# [ABOUT THIS TASK]
Begin at the line containing "Arabisches Partbred Mix" in the entries below and end at the line containing "ویاندوت سیلور|حیوانات مزرعه|قائمشهر, |دیوار"; transcribe that range exactly and nothing outside it.

# [INFORMATION PROVIDED]
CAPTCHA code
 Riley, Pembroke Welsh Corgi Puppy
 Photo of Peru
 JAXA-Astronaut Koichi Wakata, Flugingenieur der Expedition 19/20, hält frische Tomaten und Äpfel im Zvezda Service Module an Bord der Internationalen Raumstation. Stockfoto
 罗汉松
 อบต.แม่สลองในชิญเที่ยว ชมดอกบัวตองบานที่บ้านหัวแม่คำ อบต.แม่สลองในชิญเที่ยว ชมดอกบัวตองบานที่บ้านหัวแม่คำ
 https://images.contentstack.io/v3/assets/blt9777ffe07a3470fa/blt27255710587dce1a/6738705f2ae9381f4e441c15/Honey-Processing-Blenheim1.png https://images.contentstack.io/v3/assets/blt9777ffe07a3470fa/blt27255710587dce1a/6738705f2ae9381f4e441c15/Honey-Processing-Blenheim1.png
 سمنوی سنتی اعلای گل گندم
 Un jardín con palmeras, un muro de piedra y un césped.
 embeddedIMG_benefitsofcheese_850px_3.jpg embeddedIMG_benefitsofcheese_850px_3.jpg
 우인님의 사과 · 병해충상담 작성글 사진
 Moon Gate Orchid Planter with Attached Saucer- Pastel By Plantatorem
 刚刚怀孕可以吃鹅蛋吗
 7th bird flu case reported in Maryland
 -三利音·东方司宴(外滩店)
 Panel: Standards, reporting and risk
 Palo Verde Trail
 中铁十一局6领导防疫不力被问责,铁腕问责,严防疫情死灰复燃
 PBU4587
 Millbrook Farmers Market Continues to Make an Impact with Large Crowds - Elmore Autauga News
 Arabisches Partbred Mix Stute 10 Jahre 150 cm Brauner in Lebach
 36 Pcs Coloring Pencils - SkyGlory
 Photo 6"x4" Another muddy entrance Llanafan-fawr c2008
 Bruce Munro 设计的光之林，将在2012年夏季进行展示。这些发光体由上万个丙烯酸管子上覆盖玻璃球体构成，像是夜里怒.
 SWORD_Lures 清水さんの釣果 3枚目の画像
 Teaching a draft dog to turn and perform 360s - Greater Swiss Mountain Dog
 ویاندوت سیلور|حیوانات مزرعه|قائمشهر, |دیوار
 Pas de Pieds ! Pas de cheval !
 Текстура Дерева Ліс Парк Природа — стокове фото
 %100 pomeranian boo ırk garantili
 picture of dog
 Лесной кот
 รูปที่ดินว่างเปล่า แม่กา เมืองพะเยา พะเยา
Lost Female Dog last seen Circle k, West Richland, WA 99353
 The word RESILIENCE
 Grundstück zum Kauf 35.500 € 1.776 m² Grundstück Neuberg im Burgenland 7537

# [ANSWER TO THIS TASK]
 Arabisches Partbred Mix Stute 10 Jahre 150 cm Brauner in Lebach
 36 Pcs Coloring Pencils - SkyGlory
 Photo 6"x4" Another muddy entrance Llanafan-fawr c2008
 Bruce Munro 设计的光之林，将在2012年夏季进行展示。这些发光体由上万个丙烯酸管子上覆盖玻璃球体构成，像是夜里怒.
 SWORD_Lures 清水さんの釣果 3枚目の画像
 Teaching a draft dog to turn and perform 360s - Greater Swiss Mountain Dog
 ویاندوت سیلور|حیوانات مزرعه|قائمشهر, |دیوار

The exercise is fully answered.